Records to use
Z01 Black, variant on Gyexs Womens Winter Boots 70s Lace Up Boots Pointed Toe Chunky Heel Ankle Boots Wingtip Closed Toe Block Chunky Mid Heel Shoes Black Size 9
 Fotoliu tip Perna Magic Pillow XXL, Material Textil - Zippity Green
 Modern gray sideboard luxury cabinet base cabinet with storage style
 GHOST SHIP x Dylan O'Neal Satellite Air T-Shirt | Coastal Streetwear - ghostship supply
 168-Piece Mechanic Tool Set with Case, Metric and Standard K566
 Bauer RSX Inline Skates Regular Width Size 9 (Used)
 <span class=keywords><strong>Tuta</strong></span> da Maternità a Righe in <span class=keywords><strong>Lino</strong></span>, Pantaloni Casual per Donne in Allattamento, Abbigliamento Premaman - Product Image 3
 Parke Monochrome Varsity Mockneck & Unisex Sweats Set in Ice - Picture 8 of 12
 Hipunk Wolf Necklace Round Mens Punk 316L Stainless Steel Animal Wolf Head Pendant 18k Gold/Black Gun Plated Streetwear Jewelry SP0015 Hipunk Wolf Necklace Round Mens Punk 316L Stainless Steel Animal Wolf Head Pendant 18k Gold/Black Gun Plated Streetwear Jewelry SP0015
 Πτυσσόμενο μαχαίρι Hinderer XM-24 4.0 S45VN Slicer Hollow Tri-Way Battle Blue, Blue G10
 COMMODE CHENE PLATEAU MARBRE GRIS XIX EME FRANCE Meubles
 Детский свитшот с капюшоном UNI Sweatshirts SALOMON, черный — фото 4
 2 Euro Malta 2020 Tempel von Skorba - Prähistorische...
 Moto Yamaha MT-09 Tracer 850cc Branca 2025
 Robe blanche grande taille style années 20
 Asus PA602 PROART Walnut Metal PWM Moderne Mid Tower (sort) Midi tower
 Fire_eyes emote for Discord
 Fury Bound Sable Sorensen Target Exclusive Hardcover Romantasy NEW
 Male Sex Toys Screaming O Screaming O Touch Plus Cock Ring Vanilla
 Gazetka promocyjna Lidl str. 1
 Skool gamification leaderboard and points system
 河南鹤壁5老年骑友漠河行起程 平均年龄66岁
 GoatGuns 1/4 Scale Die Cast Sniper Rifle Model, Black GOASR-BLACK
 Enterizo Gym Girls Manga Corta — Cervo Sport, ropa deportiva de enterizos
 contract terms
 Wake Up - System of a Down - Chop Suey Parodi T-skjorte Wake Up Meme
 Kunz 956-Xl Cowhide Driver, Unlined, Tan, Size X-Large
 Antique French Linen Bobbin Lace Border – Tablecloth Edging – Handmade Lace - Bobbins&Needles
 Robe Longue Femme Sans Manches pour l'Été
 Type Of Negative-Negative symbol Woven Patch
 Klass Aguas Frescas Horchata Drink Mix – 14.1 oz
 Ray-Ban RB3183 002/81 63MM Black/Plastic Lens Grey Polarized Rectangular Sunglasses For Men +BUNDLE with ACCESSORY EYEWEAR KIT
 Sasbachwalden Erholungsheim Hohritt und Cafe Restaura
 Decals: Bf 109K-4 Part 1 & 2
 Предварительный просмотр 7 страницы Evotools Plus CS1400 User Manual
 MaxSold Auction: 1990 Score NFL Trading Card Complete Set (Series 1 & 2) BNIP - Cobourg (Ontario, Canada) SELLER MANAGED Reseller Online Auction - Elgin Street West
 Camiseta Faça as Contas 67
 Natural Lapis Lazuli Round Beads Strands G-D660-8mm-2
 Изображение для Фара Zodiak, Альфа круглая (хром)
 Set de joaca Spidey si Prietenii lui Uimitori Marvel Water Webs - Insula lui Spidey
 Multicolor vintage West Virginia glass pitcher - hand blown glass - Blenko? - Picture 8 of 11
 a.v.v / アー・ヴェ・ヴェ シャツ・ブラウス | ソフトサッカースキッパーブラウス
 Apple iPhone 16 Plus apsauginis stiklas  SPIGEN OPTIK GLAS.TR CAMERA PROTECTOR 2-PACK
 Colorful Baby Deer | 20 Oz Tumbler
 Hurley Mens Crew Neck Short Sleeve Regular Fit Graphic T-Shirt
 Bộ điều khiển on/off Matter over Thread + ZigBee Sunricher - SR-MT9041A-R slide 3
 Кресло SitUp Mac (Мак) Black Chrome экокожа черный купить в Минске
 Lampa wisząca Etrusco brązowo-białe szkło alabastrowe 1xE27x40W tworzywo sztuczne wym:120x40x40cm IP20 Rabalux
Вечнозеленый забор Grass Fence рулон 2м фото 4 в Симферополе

Try it
Counting only lines that hold the word "черный", state how many there are in the data. Write the number alone.

Task result
2